# About this exercise
Look below for the line containing "50/100PCS Mix Anime" and the line containing "PAINTED SQUARES MIX", then set down both and every line between them exactly, without pictures.

# Data for review
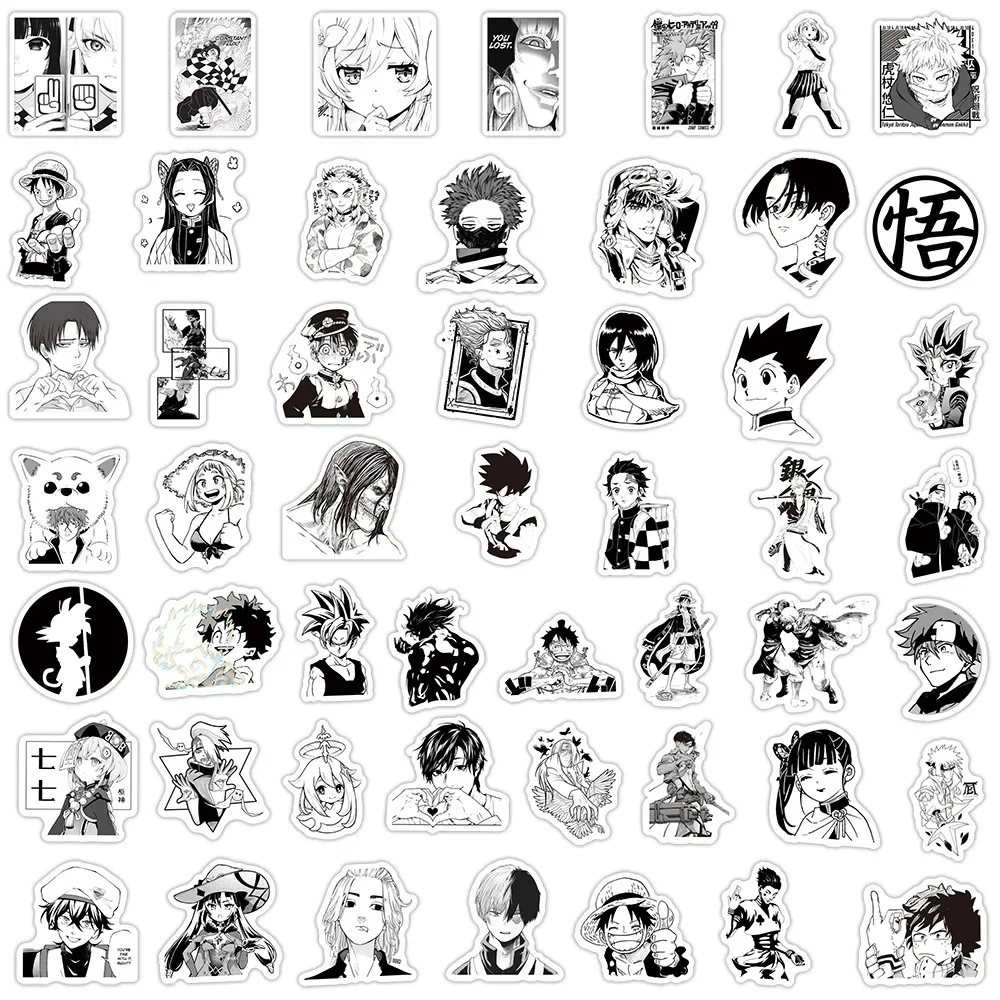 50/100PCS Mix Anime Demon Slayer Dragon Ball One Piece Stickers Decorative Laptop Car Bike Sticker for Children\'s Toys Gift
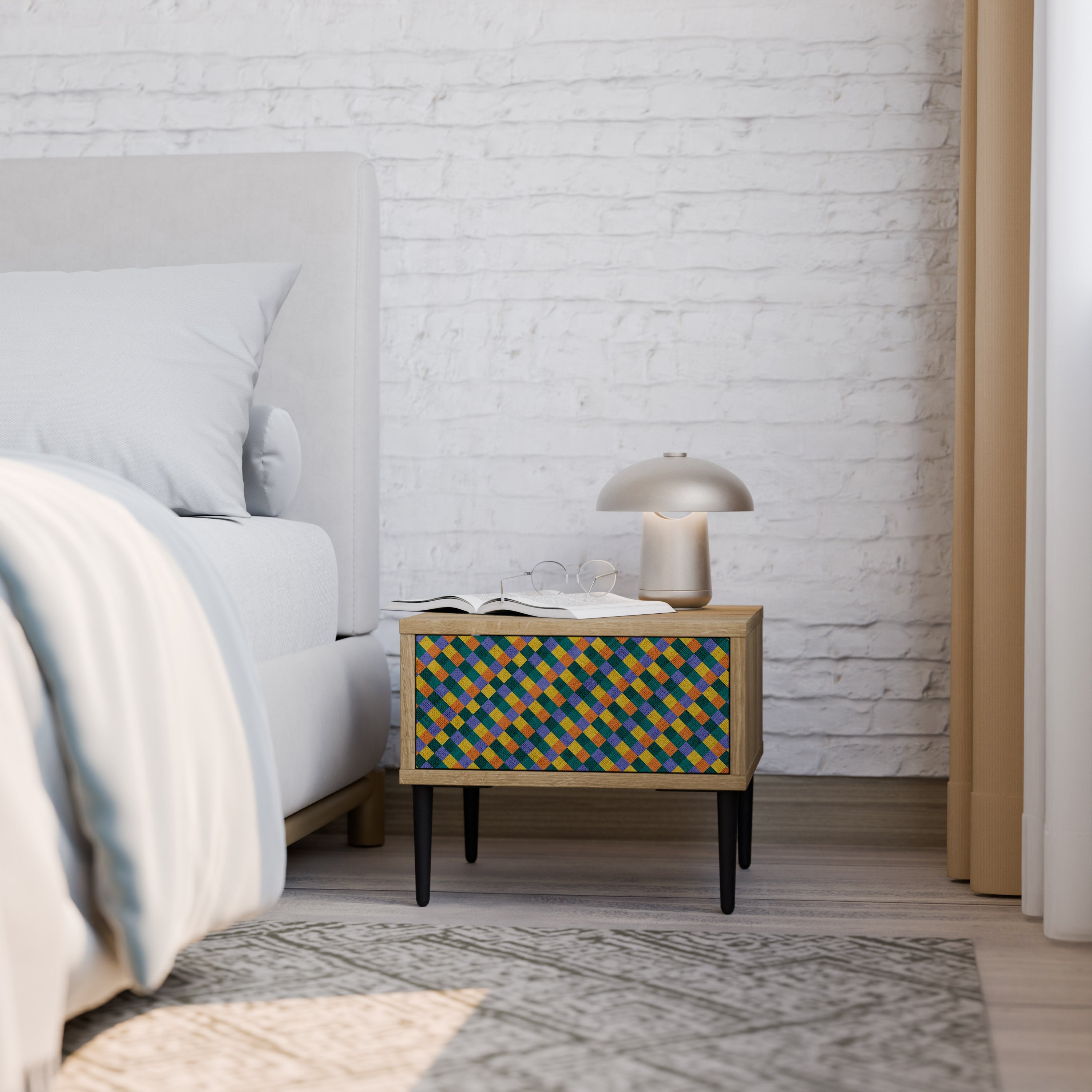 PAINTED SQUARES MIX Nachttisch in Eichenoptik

...

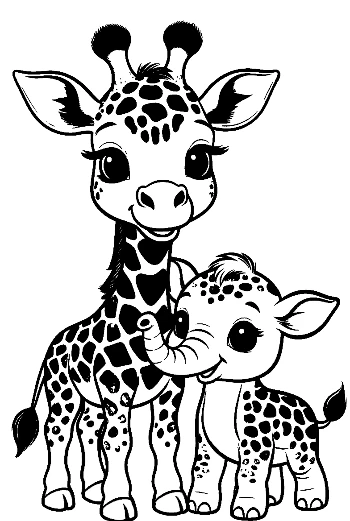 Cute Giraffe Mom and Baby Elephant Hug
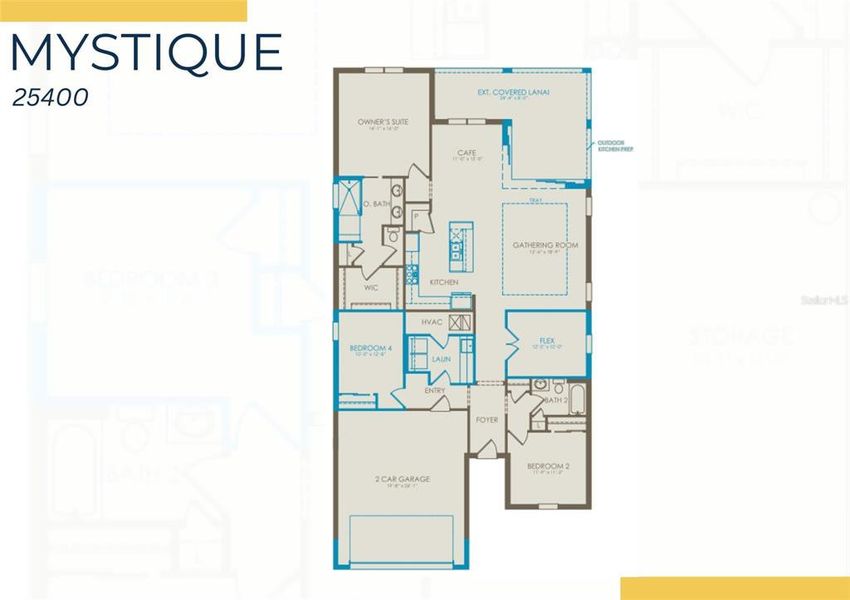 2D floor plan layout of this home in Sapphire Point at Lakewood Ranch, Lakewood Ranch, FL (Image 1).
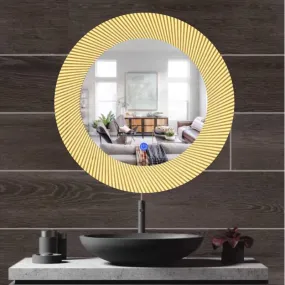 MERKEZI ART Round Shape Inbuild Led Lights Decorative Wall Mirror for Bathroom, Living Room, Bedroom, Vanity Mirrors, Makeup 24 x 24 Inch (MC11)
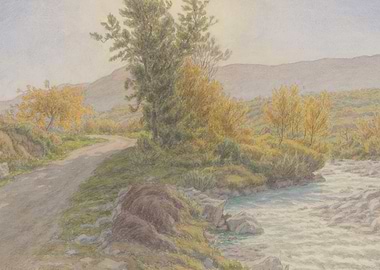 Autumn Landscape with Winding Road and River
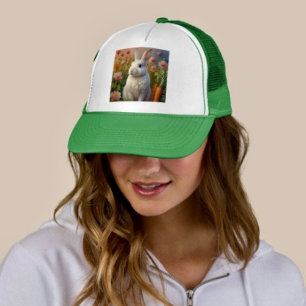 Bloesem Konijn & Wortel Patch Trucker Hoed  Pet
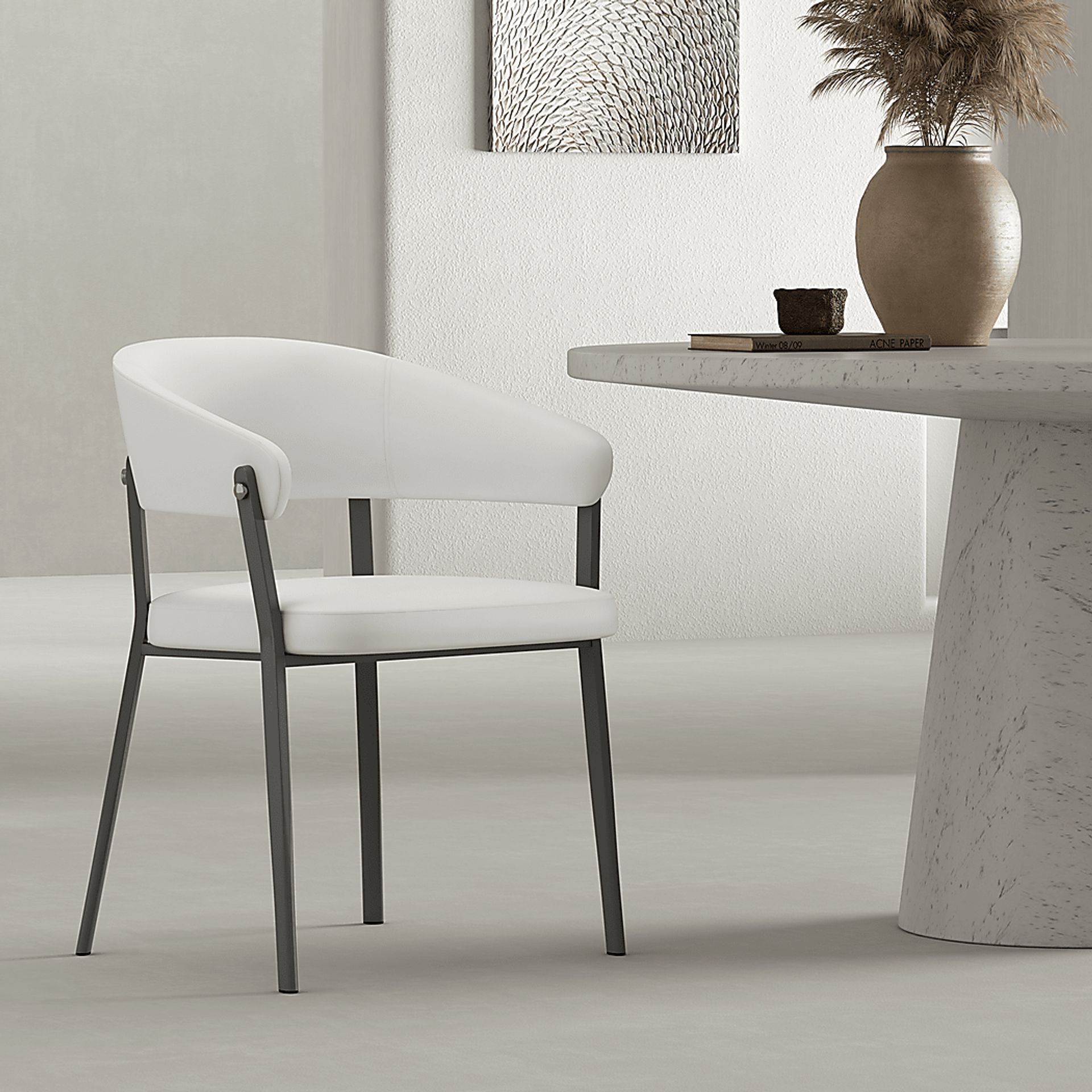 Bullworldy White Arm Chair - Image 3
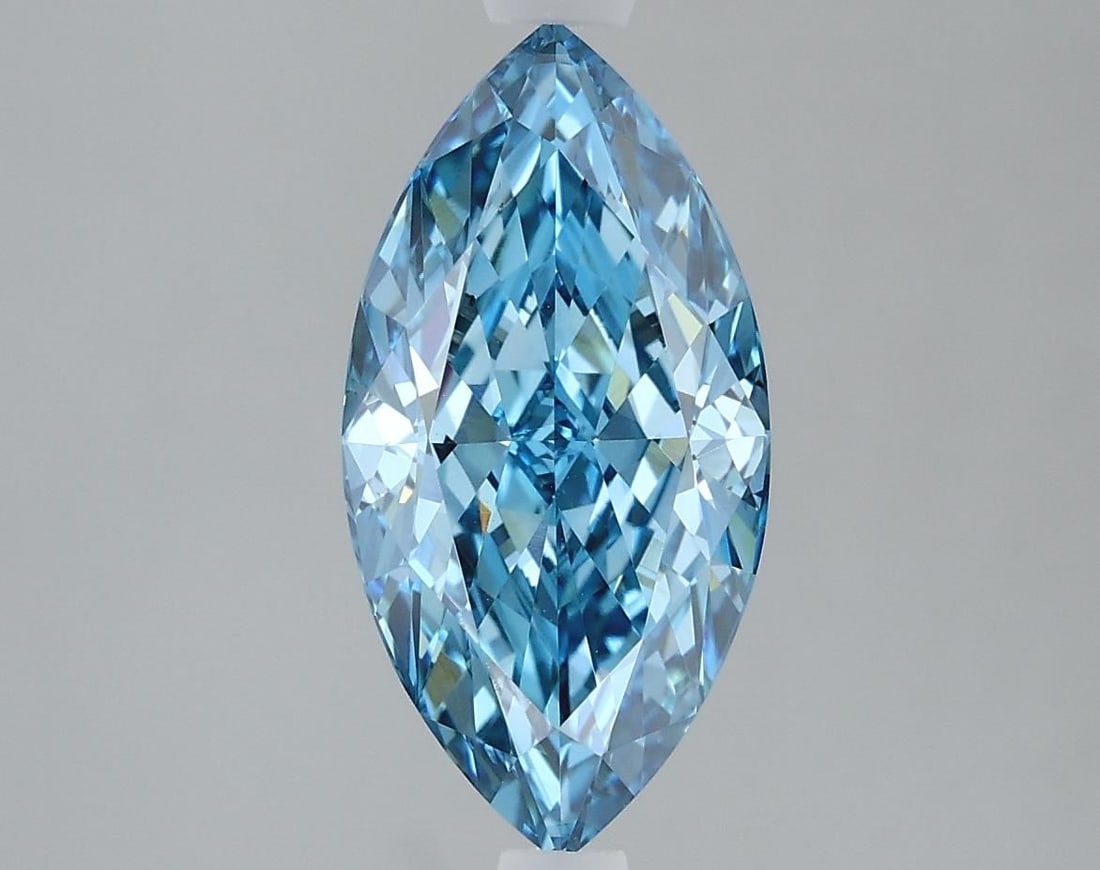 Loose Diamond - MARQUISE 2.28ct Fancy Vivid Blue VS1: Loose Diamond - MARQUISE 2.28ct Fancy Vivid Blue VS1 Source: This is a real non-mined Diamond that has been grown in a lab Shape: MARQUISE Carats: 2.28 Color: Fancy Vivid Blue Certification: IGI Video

---

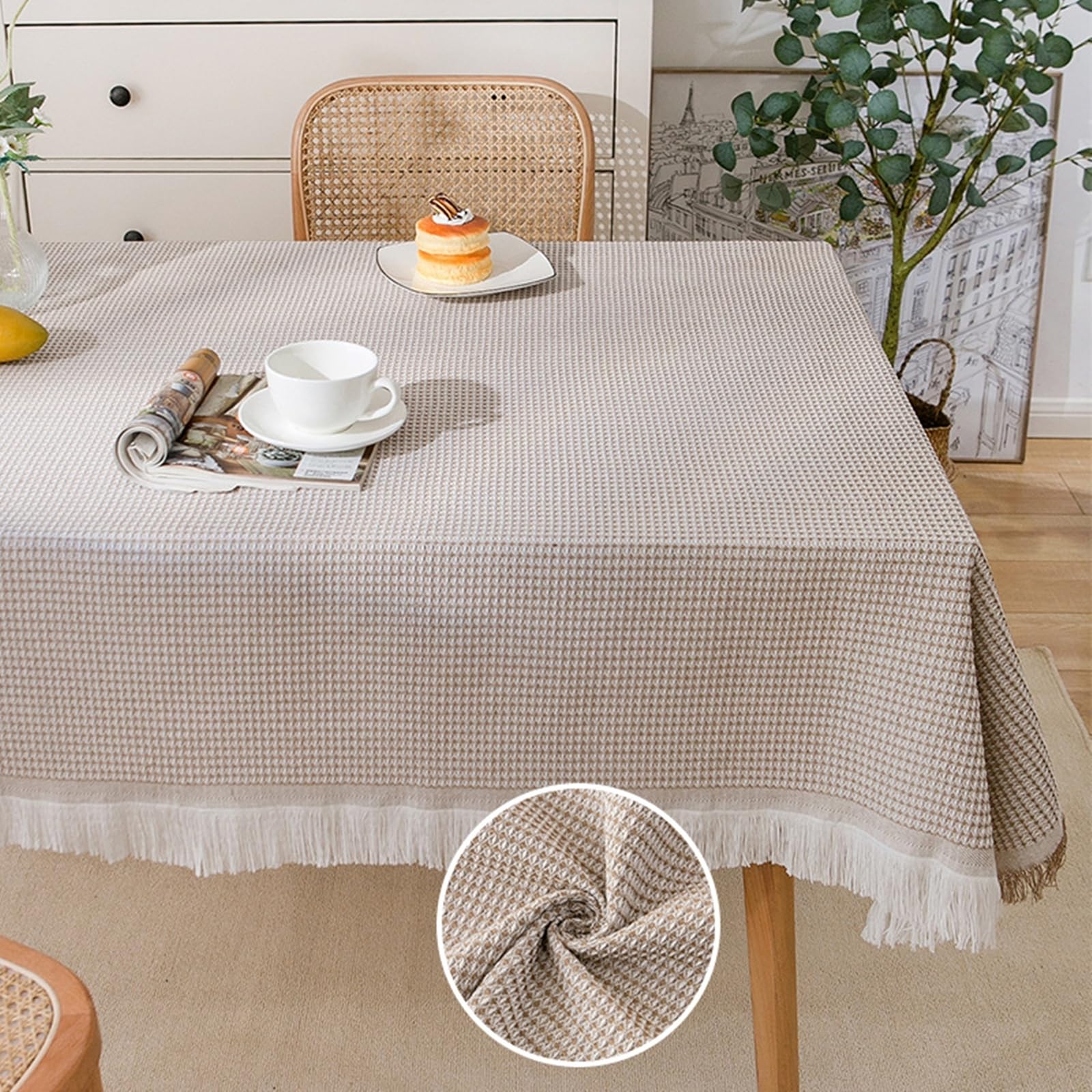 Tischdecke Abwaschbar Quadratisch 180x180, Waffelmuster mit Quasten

# Problem solution
 50/100PCS Mix Anime Demon Slayer Dragon Ball One Piece Stickers Decorative Laptop Car Bike Sticker for Children\'s Toys Gift
 PAINTED SQUARES MIX Nachttisch in Eichenoptik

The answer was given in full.